Sienna

About Sienna

Sienna is a color achieved on traditional pottery by some Northern Tewa potters through manipulations of their firing process. For centuries, the Northern Tewa have made their pots using a base clay to make the form and then put an iron-bearing slip on the surface. When they polish that slip, it gives them a good background for their designs and fires to produce deeper colors. In a normal oxidizing fire, that iron-bearing slip with turn red as the pot heats up and it will retain that red after the pot cools. To turn the same pot black in the firing, they pour powdered manure on the fire and create an oxygen-reduction atmosphere.

At any point after pouring on the powdered manure, a piece can be removed from the fire and that oxygen-reduction process will be halted partway through, leaving the piece colored somewhere between a deep red and a deep black: sienna.

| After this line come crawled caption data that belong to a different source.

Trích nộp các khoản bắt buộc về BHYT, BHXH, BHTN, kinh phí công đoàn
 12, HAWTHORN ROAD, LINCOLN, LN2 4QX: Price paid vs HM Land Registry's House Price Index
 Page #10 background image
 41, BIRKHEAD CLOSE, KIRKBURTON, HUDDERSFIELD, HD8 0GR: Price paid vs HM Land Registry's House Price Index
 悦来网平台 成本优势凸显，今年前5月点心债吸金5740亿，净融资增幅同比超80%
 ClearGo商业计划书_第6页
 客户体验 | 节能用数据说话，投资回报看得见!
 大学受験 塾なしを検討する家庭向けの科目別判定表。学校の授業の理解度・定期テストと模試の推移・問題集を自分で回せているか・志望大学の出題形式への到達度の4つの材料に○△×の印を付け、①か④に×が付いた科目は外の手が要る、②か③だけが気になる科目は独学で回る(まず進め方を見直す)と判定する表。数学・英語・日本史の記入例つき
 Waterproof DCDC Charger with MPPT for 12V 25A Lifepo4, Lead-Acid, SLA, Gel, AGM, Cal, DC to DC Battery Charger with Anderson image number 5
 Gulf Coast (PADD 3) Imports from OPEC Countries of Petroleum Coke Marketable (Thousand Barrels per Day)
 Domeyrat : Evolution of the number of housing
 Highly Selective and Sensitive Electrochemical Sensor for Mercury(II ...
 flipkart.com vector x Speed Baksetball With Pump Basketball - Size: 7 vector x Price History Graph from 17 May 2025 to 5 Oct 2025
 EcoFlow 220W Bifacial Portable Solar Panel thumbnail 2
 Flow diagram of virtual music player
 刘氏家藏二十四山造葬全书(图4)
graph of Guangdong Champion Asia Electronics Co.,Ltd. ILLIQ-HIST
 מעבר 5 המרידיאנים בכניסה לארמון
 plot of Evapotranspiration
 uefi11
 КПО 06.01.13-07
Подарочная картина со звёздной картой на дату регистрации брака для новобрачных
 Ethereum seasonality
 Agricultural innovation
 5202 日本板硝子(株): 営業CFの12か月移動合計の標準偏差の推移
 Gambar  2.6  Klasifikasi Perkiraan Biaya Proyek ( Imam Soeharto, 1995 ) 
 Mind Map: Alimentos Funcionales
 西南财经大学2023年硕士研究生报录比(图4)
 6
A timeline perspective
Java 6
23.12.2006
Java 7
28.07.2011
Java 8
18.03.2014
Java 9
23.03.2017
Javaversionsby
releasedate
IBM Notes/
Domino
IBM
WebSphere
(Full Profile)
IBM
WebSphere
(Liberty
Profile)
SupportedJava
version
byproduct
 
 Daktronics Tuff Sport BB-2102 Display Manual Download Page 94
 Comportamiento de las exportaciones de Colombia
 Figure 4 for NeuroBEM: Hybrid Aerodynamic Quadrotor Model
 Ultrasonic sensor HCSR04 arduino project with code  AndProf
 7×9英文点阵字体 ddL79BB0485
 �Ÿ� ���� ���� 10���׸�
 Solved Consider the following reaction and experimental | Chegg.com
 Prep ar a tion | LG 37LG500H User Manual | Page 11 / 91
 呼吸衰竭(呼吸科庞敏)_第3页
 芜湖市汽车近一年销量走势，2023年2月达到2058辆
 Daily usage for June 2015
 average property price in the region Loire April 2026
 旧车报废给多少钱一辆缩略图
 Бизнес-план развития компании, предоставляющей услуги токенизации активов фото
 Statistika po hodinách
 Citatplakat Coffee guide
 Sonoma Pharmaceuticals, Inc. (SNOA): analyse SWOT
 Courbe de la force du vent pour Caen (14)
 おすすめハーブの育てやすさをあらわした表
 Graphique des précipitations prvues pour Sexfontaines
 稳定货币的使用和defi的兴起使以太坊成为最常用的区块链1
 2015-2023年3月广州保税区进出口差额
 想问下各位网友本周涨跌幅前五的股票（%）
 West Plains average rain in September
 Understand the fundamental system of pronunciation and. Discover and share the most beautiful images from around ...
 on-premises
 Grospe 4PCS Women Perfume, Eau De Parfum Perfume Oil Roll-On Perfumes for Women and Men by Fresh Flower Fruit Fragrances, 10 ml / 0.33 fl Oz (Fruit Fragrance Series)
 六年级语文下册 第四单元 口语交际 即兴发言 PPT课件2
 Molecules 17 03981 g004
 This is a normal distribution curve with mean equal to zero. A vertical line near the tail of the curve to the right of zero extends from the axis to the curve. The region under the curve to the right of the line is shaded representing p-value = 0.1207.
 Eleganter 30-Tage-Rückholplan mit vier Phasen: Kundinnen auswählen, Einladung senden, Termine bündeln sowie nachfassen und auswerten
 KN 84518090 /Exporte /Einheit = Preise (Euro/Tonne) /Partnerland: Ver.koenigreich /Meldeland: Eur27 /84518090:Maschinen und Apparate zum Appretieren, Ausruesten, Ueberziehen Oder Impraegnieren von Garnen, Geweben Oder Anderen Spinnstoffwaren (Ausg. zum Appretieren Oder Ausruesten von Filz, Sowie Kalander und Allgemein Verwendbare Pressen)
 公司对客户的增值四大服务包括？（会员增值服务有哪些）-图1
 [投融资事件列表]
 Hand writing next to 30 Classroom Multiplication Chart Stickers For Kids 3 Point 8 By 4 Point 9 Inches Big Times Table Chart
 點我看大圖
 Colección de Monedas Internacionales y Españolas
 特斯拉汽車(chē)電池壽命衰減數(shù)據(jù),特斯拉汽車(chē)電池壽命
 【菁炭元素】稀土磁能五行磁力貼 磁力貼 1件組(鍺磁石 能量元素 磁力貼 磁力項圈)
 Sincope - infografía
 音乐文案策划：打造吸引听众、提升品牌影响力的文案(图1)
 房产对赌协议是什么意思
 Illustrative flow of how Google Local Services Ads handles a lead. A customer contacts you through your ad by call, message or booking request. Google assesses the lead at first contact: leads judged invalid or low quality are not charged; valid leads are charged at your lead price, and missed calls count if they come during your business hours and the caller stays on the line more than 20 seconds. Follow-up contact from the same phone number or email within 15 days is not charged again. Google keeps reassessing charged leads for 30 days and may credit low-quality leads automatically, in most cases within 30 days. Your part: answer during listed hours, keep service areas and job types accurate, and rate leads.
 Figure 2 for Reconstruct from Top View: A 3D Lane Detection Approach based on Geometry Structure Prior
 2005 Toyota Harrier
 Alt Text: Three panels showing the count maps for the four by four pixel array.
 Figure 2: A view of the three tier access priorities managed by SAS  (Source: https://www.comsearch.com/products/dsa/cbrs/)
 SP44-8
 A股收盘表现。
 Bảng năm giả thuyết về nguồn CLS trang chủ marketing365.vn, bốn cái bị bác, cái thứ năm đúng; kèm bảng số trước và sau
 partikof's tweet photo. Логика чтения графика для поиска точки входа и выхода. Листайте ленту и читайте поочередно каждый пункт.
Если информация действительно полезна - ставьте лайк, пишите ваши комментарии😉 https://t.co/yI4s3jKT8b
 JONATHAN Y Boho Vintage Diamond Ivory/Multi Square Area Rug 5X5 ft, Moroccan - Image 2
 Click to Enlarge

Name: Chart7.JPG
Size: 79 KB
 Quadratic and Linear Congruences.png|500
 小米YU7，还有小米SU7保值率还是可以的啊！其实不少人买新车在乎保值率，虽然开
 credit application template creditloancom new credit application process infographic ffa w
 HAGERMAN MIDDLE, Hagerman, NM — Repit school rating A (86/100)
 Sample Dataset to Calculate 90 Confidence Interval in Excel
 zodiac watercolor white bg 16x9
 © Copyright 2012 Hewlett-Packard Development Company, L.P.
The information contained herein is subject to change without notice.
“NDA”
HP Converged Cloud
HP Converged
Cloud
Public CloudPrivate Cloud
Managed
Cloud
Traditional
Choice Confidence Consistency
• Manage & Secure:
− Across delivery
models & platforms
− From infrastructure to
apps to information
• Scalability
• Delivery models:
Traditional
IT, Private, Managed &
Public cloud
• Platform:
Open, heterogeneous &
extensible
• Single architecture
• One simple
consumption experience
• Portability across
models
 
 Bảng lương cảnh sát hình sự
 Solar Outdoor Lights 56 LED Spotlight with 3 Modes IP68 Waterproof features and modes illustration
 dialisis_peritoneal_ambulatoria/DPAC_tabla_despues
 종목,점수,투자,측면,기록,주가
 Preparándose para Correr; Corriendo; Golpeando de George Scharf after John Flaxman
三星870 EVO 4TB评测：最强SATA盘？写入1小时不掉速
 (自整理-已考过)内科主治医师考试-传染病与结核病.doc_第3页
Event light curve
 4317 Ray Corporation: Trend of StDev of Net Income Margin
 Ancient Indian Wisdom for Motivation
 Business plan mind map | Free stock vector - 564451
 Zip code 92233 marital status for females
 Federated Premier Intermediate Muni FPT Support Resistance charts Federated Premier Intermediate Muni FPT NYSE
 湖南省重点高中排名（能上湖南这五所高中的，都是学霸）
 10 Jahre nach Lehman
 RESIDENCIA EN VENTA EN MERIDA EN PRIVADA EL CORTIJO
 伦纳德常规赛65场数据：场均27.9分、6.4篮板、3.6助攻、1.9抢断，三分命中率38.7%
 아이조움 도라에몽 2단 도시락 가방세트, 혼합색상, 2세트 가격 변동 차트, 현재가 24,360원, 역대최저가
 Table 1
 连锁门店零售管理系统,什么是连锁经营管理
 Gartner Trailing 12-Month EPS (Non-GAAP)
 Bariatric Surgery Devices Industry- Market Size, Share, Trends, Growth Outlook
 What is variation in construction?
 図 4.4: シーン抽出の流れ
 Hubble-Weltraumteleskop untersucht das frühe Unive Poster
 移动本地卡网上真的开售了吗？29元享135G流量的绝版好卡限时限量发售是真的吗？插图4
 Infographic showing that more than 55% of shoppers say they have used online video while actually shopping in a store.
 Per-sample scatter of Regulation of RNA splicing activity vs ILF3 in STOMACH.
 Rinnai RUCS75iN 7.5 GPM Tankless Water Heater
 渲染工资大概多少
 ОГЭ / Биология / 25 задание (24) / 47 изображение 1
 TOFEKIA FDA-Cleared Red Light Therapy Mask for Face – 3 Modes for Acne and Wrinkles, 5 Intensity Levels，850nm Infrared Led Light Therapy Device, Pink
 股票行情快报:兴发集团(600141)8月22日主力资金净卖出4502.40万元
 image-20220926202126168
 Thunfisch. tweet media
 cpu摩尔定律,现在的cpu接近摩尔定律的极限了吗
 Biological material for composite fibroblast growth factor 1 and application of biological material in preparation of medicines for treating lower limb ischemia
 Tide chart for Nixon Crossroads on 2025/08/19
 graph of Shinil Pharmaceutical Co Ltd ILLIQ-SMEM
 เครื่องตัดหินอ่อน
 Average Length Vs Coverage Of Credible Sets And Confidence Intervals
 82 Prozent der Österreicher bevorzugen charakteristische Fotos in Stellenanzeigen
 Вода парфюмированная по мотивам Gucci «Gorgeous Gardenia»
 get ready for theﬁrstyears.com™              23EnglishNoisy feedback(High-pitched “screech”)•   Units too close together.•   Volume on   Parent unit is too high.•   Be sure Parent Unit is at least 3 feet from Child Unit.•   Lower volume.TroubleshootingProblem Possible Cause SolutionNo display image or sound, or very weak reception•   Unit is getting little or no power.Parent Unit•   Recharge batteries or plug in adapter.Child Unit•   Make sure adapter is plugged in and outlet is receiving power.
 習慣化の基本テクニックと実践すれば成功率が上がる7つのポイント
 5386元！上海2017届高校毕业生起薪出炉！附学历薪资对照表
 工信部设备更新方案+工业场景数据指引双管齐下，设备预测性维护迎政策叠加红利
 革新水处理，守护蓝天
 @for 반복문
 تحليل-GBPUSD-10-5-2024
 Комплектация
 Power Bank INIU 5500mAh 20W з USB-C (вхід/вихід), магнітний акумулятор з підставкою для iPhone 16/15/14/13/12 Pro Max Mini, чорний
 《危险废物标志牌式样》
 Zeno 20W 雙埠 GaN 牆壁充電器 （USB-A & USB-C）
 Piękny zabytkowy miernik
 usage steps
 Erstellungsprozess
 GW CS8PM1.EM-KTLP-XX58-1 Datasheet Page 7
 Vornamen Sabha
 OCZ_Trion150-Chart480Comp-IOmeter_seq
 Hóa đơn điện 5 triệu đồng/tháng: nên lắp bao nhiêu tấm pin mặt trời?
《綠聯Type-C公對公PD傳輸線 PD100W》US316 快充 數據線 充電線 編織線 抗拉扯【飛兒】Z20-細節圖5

Some potters fire their pieces to be black, do whatever design work they have in mind and then come back with a blowtorch to "enhance" them. At a high enough temperature, the clay will re-oxygenate and start to turn sienna. It won't turn as red again as it would have been without going through the oxygen reduction process. To get a glossy black pot and retain some of the glossy redness, potters will use things like aluminum foil to cover sections of their pieces and then fire them to be black. Places that are unexposed to the high-carbon atmosphere stay red.